The Ten Chests

Reasoning about probability can be very difficult. The puzzle herein is a follow-up of the last one I wrote about, which reminded me a bit of the famous Monty Hall problem. I managed to get the right answer to Smullyan's earlier puzzle without any assistance but it could have been because I already knew what to look for. Smullyan himself admitted that the solution is very counterintuitive and offered several separate justifications to combat intuition. Speaking of counterintuitive reasoning and probability, no less a person than the late Paul Erdős was unconvinced of the optimal decision in the Monty Hall problem until he witnessed a numerical simulation! In the same spirit, I will be applying a Monte Carlo simulation to the following more elaborate version of the previous puzzle:

It took Scheherazade quite a bit of time to get the king to accept the correct answer to the last problem, but she finally succeeded.
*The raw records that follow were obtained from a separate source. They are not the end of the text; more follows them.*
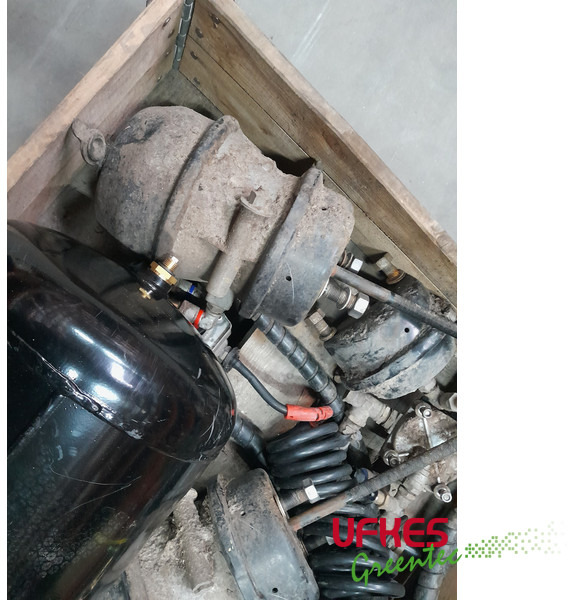 Wabco T24/30 - Piezas de freno para Maquinaria agrícola: foto 4 Wabco T24/30 - Piezas de freno para Maquinaria agrícola: foto 4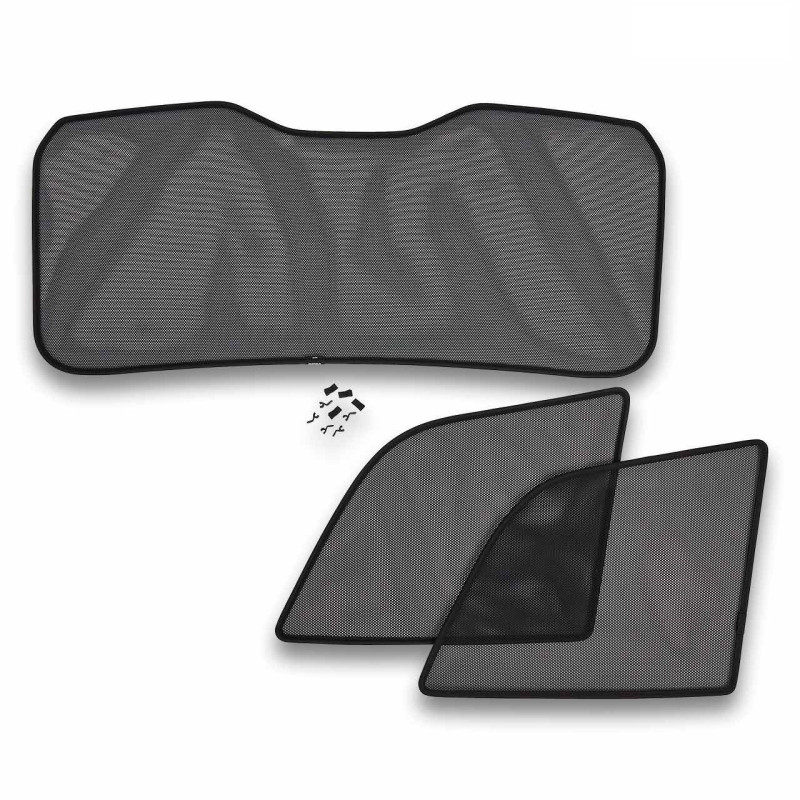 VOLVO XC90 II oslony...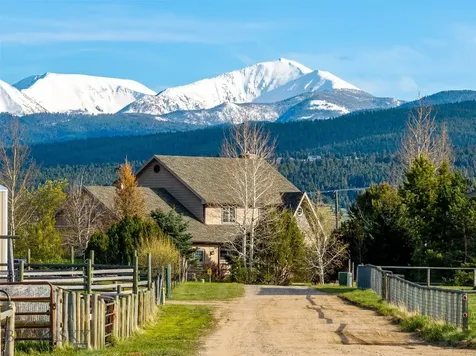 150 Painted Meadows Butte MT 59701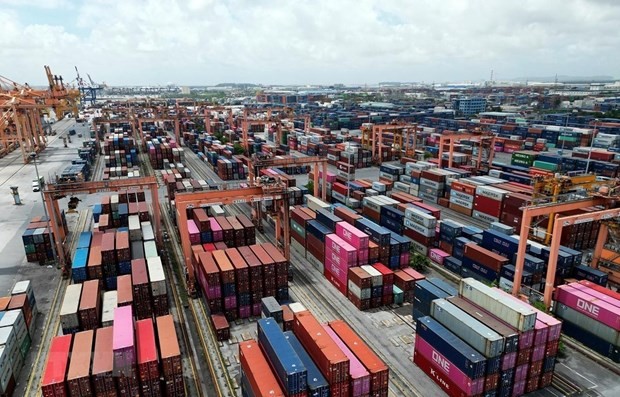Int’l Federation of Freight Forwarders Associations appreciates Vietnam’s logistics sector | Business | Vietnam+ (VietnamPlus)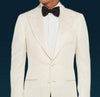 James Bond White Tuxedo - AlbertoNardoniStore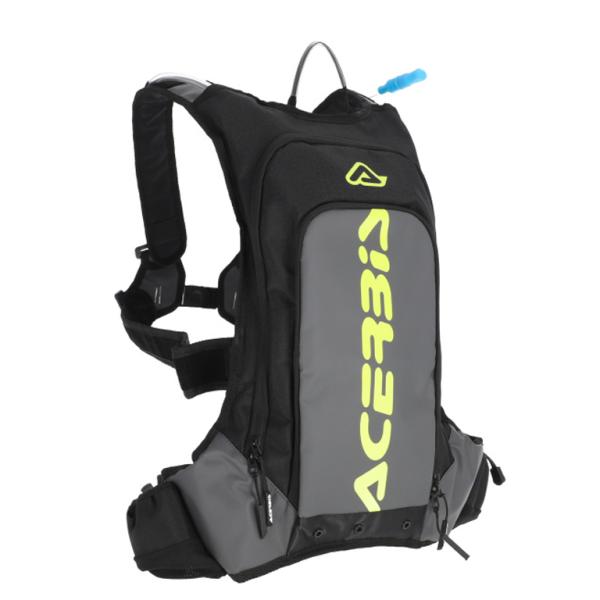 Acerbis X-Storm Black/Grey, рюкзак-гидропак, 14.5/3L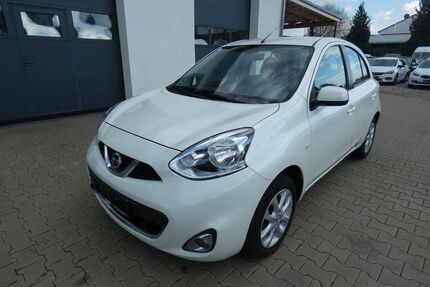 Nissan Micra Gebrauchtwagen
"I have thought of a related problem," said Scheherazade. "Suppose we have now ten chests instead of three, and each chest has three drawers. Each of the thirty drawers contains either a diamond, an emerald, or a ruby. They are dispersed in the following manner:

1. D D D
2. D D E
3. D D R
4. D E E
5. D E R
6. D R R
7. E E R
8. E R R
9. E E E
10. R R R

[Of course, D stands for diamond; E for emerald; and R for ruby. So for example, Chest 4 contains one diamond and two emeralds; Chest 7 contains two emeralds and one ruby. There are ten jewels of each of the three types, and they are distributed in all ten possible ways.]
"You open one of the thirty drawers at random and find a diamond. Then you open another drawer of the same chest. What is the probability that it also contains a diamond?"

I will use the power of simulation to attain a nearly perfect answer, like so:

	import copy
	import random
	chests = [
	['D', 'D', 'D'],
	['D', 'D', 'E'],
	['D', 'D', 'R'],
	['D', 'E', 'E'],
	['D', 'E', 'R'],
	['D', 'R', 'R'],
	['E', 'E', 'R'],
	['E', 'R', 'R'],
	['E', 'E', 'E'],
	['R', 'R', 'R']
	]
	iterations = 100000
	found_at_least_one_diamond = 0
	found_two_diamonds = 0
	for _ in range(iterations):
	# Not really necessary, but I abhor the idea of that jeweler's chests being disturbed!
	chest = copy.copy(random.choice(chests))
	random.shuffle(chest)
	if chest[0] == 'D':
	found_at_least_one_diamond += 1
	if chest[0:2] == ['D', 'D']:
	found_two_diamonds += 1
	print(found_two_diamonds / found_at_least_one_diamond)

view raw ten-chests.py hosted with ❤ by GitHub

The most recent run outputting 0.5020185586888407 was extremely close to the analytical solution given by the author of ½. Monte Carlo simulations are really something else.